As an incumbent, we’re leading this change, it’s not a negative. Given how we reach people and what we do, we have relationships with all the tech companies. We’ve got access to technology that’s much broader. And because of changes from the Affordable Care Act, it has had an impact how care gets delivered, how it gets cared for. Changes in some of the sciences is changing these things as well. But at the end of the day, the consumers are going to demand a different kind of experience. We’ve seen significant changes in insurance, we’re seeing the same in hospitals — my view is that within the next five years there will be a substantive transformation in the U.S. health care ecosystem. It’s in process.
How has the Affordable Care Act affected the way technology is implemented throughout the health care ecosystem?

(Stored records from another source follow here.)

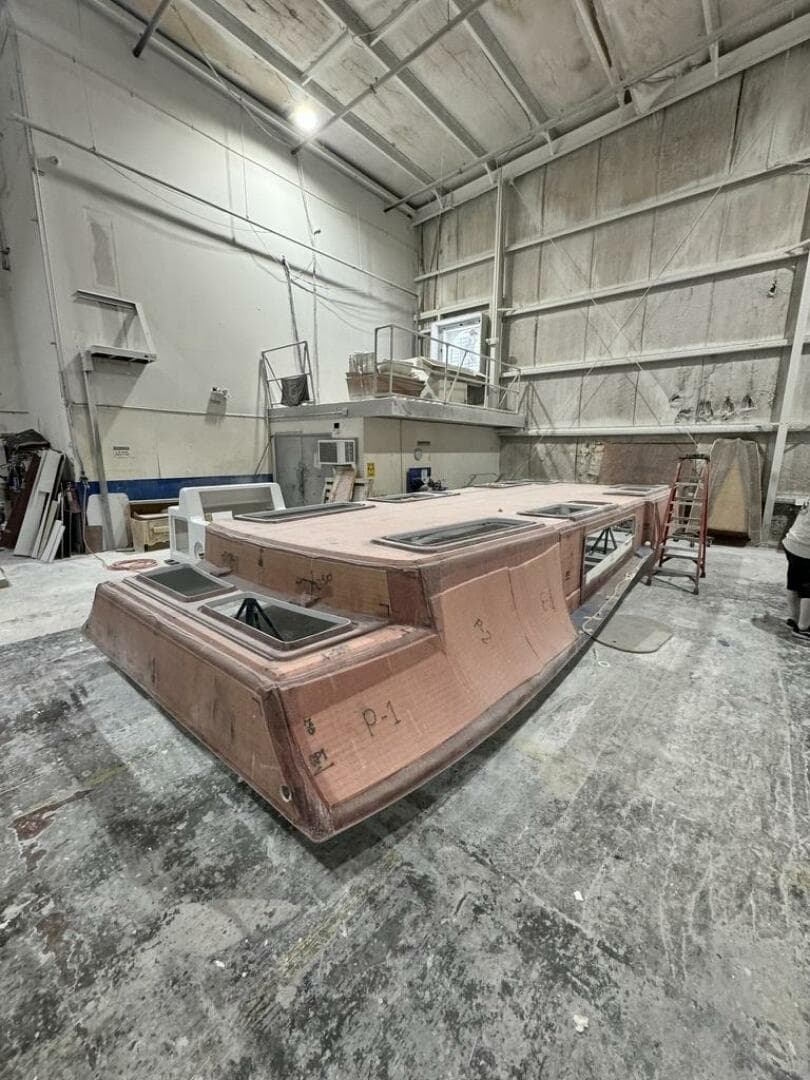 2026 Costa Custom 34sv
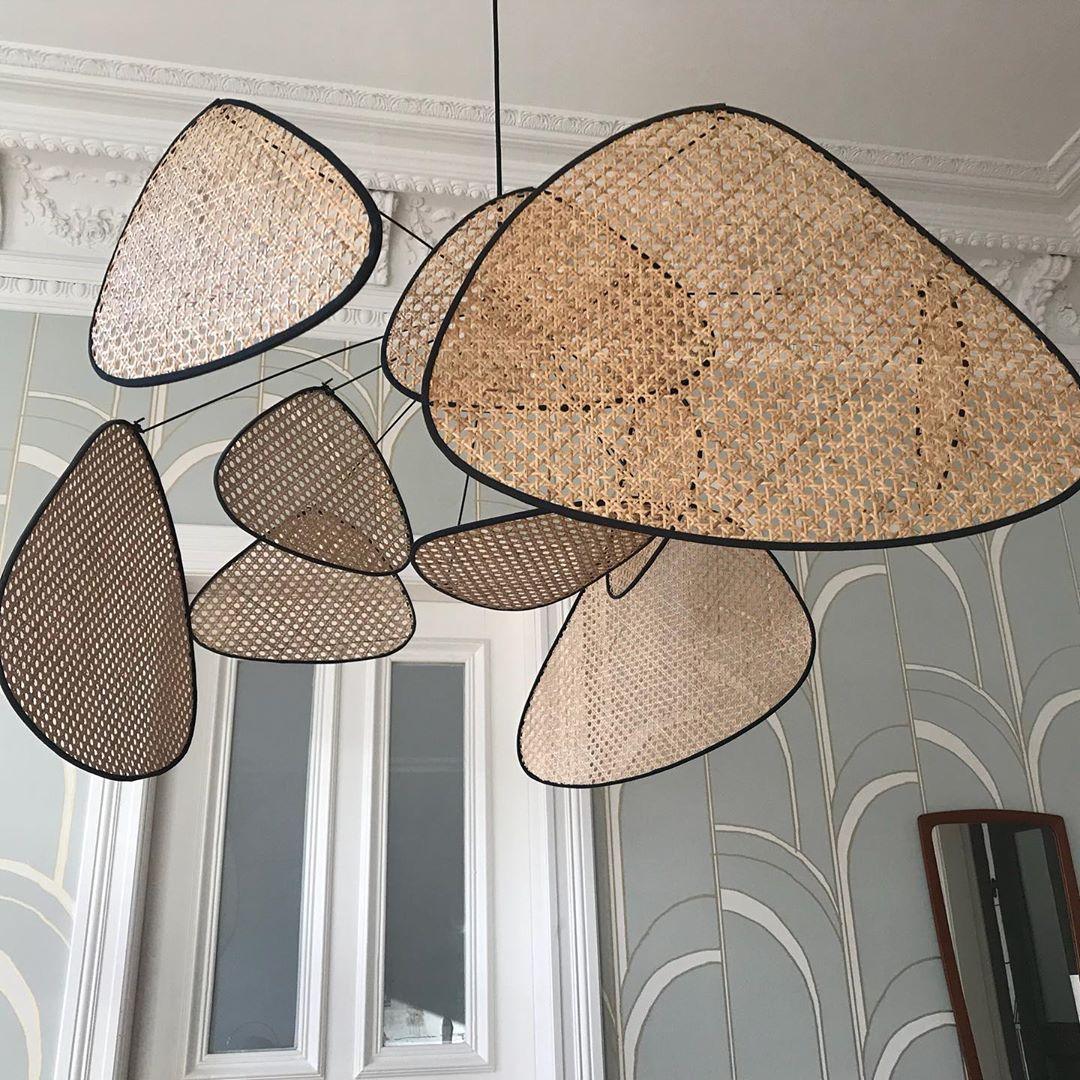 Screen Cannage Suspension - Letslighting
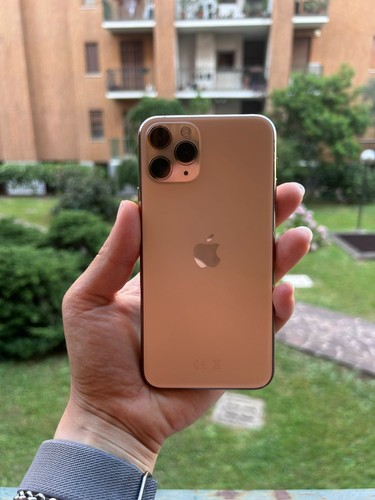 Iphone pro 256gb usato - 11,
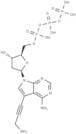 7-Deaza-7-propargylamino-dATP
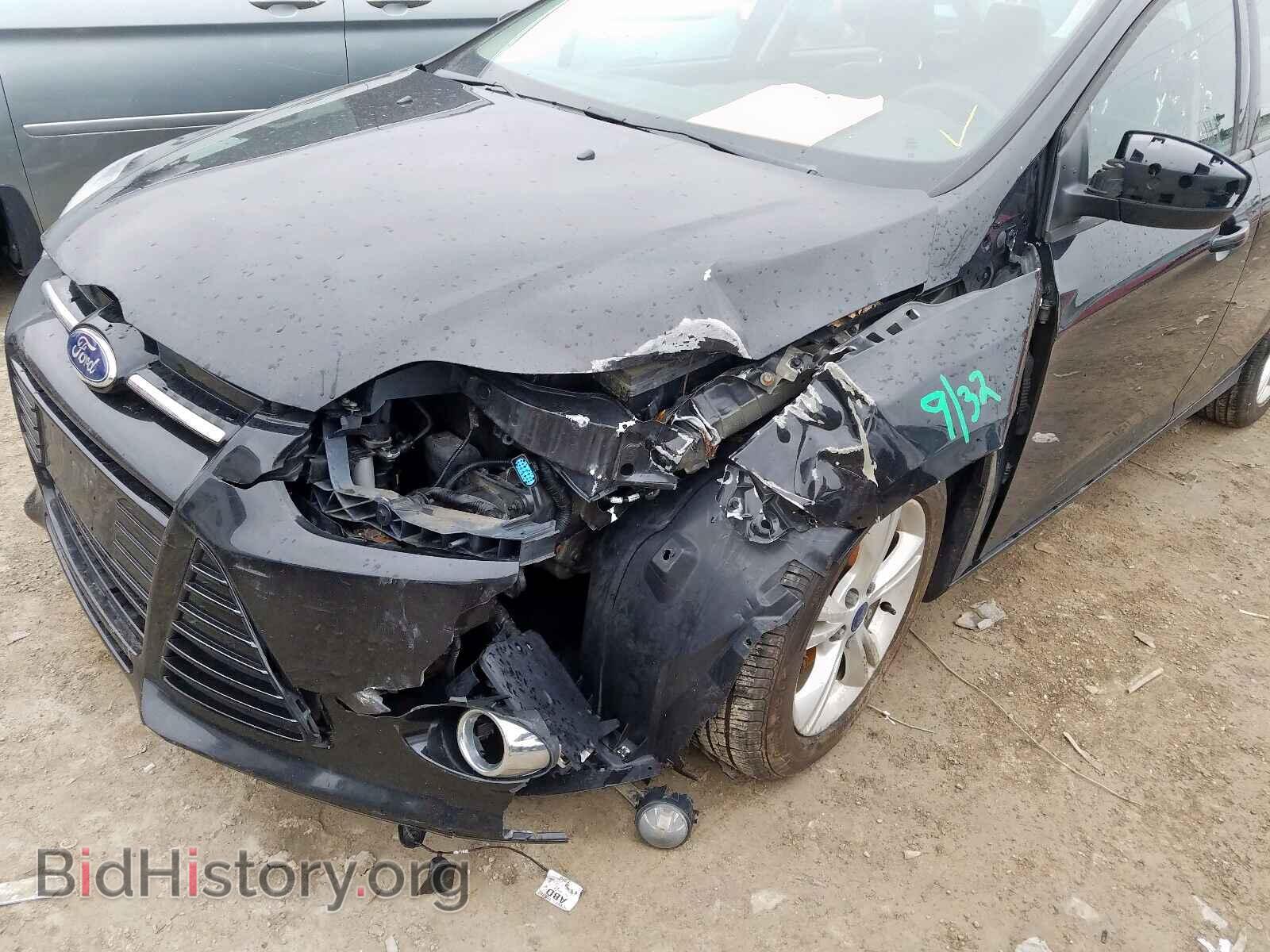 2012 FORD FOCUS - VIN: 1FAHP3F24CL288977 - Photo 9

One of the big things is connected to reimbursement. Take knee replacements. In the old days, if you had a knee replacement surgery, you’d get a bill of labor and materials, a line item of various people and surgeries and rates and so on. And your insurance company would have contracted with them, and you wouldn’t have to pay out of pocket. Now the way the Centers for Medicare & Medicaid Services (the regulatory authority) work, if you’re gonna have a knee replacement, we’re gonna pay the hospital a flat rate for that. And the hospitals and providers have to think about “How do I optimize that surgery so that we get the positive outcome, so that the patient won’t have to be readmitted because something went wrong?”
There are already significant changes where technology can make a difference. Six months before you have a surgery, we start interacting with you to prepare for the surgery. And post-surgery, we are monitoring what’s going with you. All of our knowledge and expertise is being deployed through technology to do that, in and out of the health care system.